▸ **Task instructions**: After locating the line with "Fototapeta premium Large" in the entries below, output it and each following line up to and including the line with "Etiqueta interna de", exactly and without pictures.

[[ Information given, beginning ]]

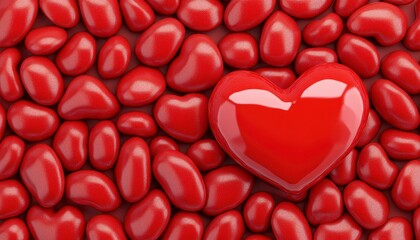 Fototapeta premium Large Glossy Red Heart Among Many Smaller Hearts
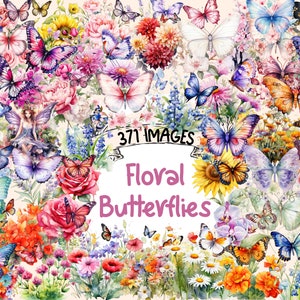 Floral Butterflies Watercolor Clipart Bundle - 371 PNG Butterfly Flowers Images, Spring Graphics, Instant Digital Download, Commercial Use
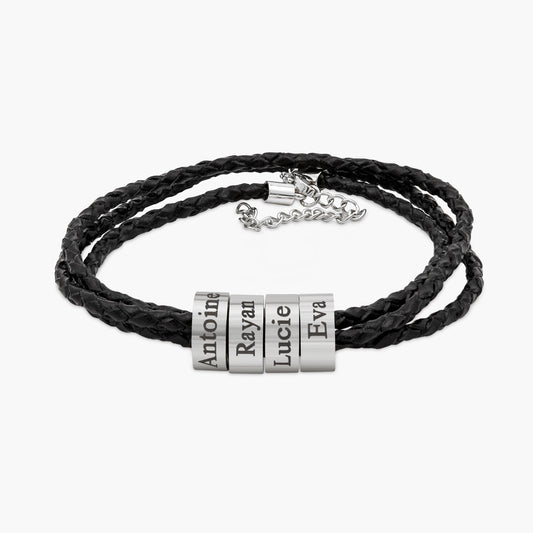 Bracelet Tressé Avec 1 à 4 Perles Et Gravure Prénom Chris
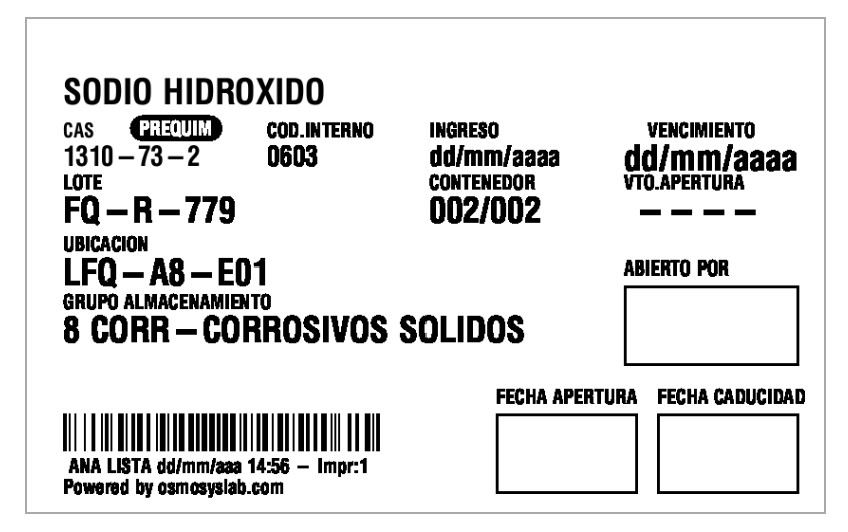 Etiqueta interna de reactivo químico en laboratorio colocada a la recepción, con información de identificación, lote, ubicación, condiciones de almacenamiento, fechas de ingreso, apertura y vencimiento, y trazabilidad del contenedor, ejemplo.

[[ Information given, end ]]
[[ Information given, beginning ]]

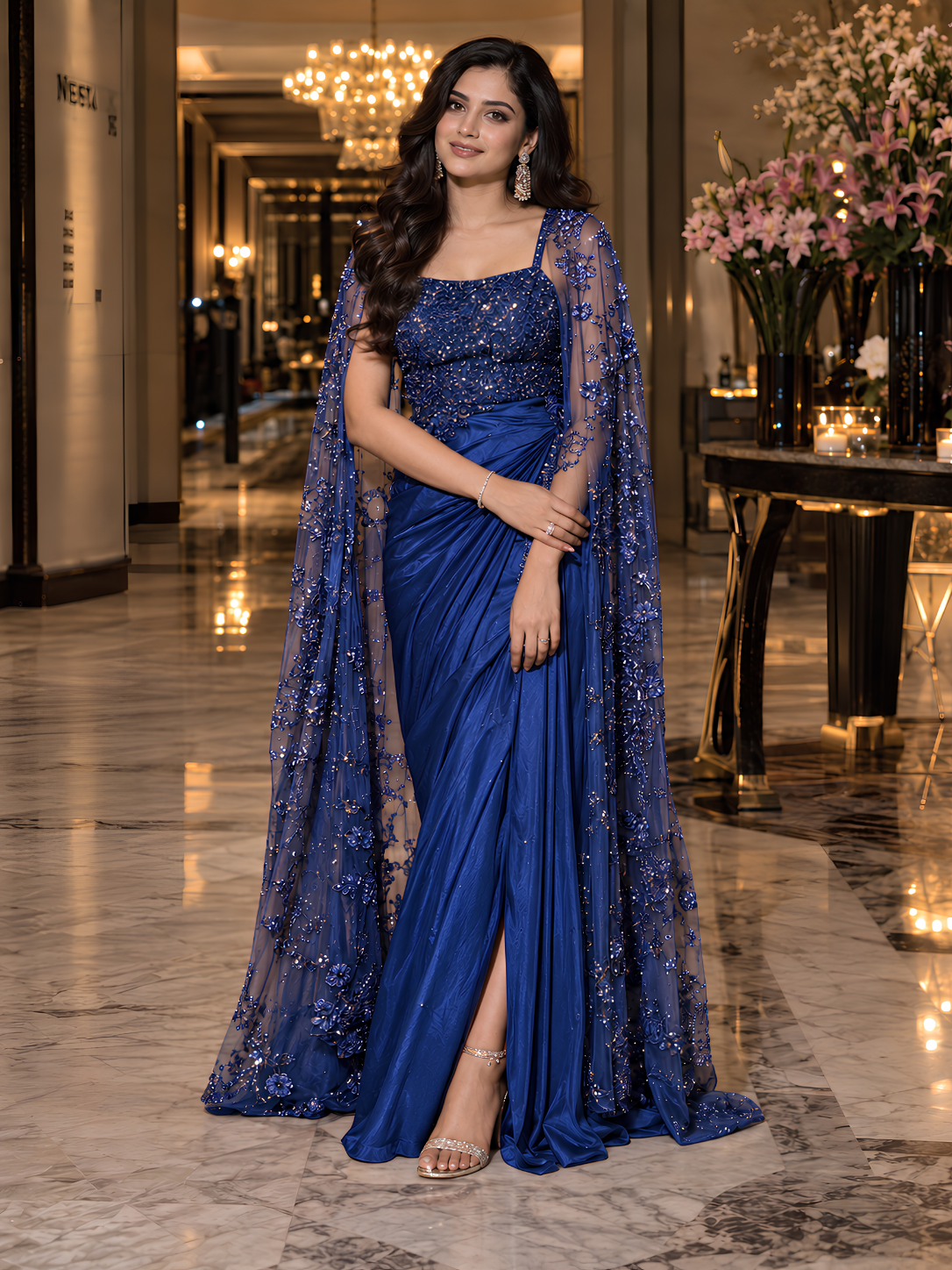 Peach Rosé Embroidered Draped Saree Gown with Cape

[[ Information given, end ]]
[[ Information given, beginning ]]

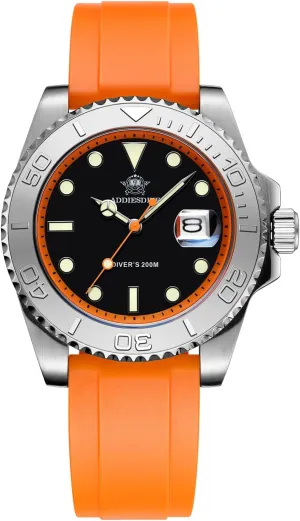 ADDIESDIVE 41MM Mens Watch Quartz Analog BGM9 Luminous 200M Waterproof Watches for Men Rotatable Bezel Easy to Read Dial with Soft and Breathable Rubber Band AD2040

[[ Information given, end ]]

▸ **Result for this task**:
 Fototapeta premium Large Glossy Red Heart Among Many Smaller Hearts
 Floral Butterflies Watercolor Clipart Bundle - 371 PNG Butterfly Flowers Images, Spring Graphics, Instant Digital Download, Commercial Use
 Bracelet Tressé Avec 1 à 4 Perles Et Gravure Prénom Chris
 Etiqueta interna de reactivo químico en laboratorio colocada a la recepción, con información de identificación, lote, ubicación, condiciones de almacenamiento, fechas de ingreso, apertura y vencimiento, y trazabilidad del contenedor, ejemplo.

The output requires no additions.